From Wikipedia, the free encyclopedia
Jump to: navigation, search

Pākehā Māori were the early European settlers in New Zealand (known as Pākehā in the Māori language) who lived among the Māori.


Some were kept by the Māori as slaves, while others settled in Māori communities by choice, many being runaway seamen or escaped convicts.[1] They were often welcomed, took wives and were treated as Māori, particularly in the first two decades of the 19th century. The rarity value of Europeans in New Zealand and the importance of trade in European goods - particularly muskets - made Pākehā Māori highly prized for their trading skills. Some achieved a degree of prestige among the Māori and fought in battle with their adopted tribe in the New Zealand land wars, sometimes against European soldiers. While some lived the rest of their lives amongst Māori, others, such as lapsed missionary Thomas Kendall, did so only briefly.
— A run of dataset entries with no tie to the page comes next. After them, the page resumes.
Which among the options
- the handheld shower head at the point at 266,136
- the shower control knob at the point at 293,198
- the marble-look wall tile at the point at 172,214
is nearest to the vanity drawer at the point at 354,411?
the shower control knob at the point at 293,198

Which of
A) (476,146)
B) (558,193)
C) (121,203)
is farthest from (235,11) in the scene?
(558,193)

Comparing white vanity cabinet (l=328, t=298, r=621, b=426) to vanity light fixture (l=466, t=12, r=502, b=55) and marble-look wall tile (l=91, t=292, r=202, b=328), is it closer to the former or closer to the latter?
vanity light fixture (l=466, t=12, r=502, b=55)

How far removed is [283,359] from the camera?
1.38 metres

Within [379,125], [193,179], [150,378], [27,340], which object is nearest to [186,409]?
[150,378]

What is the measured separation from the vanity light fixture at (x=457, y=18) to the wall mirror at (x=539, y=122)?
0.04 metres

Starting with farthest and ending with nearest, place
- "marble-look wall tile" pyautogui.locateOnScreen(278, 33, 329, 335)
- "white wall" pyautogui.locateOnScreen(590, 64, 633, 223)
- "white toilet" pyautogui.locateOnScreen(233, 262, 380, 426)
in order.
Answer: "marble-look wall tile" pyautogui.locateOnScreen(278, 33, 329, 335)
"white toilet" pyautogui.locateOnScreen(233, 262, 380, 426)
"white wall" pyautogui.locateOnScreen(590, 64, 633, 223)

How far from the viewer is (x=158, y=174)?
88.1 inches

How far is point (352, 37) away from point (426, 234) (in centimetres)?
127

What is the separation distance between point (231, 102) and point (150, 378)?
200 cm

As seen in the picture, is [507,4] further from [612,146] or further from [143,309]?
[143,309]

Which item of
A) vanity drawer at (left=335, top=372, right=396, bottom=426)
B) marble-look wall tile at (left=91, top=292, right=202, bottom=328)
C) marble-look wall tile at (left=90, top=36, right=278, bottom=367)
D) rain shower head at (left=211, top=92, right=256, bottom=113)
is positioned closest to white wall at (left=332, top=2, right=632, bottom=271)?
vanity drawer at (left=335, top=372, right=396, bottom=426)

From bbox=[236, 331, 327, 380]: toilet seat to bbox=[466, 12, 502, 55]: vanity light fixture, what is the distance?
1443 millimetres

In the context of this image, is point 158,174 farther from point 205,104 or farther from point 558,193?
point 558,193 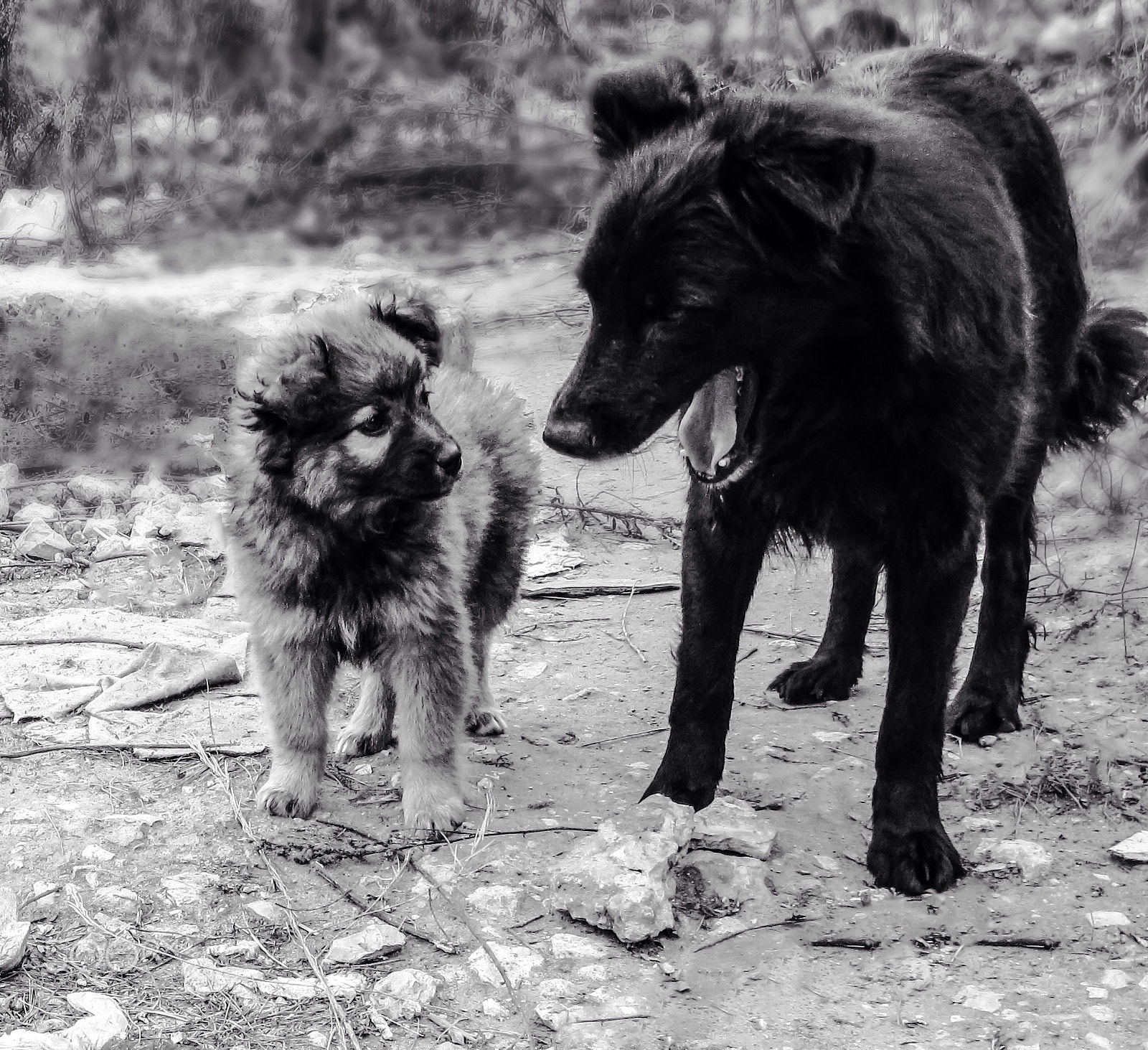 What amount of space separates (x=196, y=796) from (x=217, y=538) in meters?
2.27

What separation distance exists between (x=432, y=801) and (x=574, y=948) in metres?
0.71

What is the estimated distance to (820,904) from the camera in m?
3.10

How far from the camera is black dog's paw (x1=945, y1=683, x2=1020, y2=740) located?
4.07 meters

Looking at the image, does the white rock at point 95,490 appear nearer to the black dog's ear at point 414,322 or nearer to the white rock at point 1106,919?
the black dog's ear at point 414,322

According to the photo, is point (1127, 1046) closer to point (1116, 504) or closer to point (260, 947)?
point (260, 947)

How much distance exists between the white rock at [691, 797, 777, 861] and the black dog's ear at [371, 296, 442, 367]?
4.85 feet

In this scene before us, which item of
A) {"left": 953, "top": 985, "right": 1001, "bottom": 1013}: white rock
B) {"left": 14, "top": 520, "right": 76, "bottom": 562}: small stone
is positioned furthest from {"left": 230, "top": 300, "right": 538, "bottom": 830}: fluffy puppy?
{"left": 14, "top": 520, "right": 76, "bottom": 562}: small stone

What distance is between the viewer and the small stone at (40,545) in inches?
218

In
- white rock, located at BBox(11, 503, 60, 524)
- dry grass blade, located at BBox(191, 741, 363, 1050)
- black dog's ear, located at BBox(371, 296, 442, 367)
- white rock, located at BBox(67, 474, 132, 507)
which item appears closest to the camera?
dry grass blade, located at BBox(191, 741, 363, 1050)

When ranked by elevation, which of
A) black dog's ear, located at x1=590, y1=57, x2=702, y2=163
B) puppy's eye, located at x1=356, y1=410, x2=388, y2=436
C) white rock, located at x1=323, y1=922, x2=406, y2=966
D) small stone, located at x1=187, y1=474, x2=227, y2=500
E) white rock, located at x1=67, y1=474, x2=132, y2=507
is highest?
black dog's ear, located at x1=590, y1=57, x2=702, y2=163

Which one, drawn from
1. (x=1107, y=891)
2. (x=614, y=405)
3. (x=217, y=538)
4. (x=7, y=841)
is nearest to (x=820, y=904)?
(x=1107, y=891)

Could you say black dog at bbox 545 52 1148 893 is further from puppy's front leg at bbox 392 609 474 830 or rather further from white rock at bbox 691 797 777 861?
puppy's front leg at bbox 392 609 474 830

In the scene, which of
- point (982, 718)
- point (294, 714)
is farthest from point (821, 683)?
point (294, 714)

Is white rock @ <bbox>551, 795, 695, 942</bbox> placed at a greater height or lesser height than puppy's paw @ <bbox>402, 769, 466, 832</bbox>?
greater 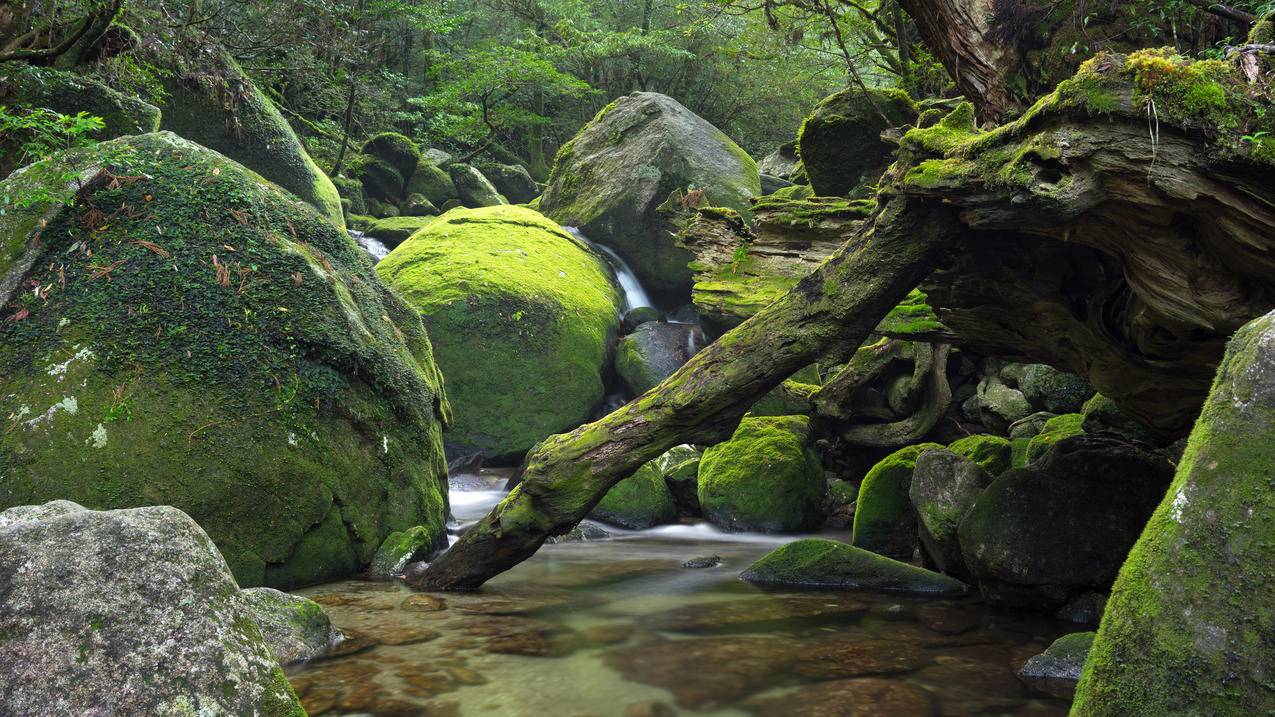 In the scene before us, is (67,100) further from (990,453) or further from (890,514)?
(990,453)

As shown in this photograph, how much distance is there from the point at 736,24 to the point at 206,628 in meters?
23.5

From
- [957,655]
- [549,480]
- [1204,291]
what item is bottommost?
[957,655]

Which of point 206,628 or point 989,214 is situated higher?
point 989,214

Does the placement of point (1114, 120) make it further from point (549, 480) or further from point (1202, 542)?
point (549, 480)

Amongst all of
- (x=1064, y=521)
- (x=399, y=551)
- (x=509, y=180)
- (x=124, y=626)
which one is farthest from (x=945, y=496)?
(x=509, y=180)

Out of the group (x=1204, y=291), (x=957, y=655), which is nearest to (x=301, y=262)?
(x=957, y=655)

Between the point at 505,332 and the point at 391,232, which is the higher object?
the point at 391,232

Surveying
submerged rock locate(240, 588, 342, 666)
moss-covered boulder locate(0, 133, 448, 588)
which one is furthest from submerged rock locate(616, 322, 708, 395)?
submerged rock locate(240, 588, 342, 666)

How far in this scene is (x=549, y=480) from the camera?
227 inches

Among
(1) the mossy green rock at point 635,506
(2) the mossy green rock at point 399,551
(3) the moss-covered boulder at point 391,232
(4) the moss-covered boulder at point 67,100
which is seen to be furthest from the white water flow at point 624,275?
(2) the mossy green rock at point 399,551

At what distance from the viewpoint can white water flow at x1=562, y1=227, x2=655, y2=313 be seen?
1550cm

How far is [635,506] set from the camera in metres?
9.88

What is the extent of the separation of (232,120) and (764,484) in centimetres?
905

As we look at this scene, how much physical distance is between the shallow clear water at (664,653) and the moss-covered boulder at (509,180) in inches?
719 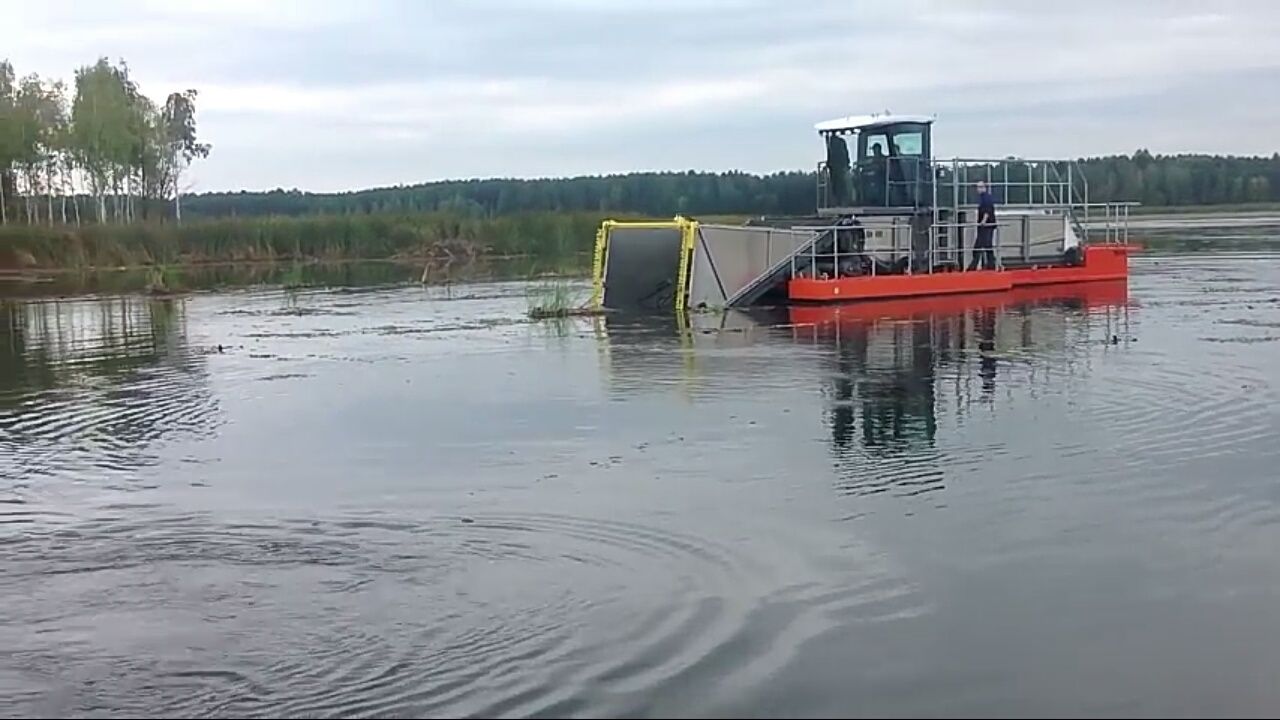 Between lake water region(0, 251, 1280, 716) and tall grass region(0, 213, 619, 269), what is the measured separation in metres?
30.0

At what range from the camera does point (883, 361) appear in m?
16.0

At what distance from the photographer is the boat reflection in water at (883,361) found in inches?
424

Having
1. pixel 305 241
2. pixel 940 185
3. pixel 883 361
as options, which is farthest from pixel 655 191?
pixel 883 361

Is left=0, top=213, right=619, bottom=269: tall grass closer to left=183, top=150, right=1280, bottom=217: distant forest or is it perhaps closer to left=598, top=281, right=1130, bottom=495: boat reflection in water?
left=183, top=150, right=1280, bottom=217: distant forest

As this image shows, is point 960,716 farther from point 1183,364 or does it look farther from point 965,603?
point 1183,364

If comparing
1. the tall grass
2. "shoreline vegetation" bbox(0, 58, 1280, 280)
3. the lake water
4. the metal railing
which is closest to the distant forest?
"shoreline vegetation" bbox(0, 58, 1280, 280)

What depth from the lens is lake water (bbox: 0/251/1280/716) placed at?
19.0 feet

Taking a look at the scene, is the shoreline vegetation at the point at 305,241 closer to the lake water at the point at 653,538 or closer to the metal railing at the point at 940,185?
the metal railing at the point at 940,185

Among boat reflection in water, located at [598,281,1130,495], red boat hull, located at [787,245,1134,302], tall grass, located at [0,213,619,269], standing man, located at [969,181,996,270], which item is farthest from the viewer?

A few Pākehā Māori such as James Caddell, John Rutherford[2] and Barnet Burns even received the moko or facial tattoo.

As more Europeans arrived, the status of early Europeans among Māori fell and some of the early Pakeha Maori reverted to a more European existence.

The early settler Frederick Edward Maning published two books under the pseudonym Pakeha Māori which contain many examples of how Pakeha/Maori lived.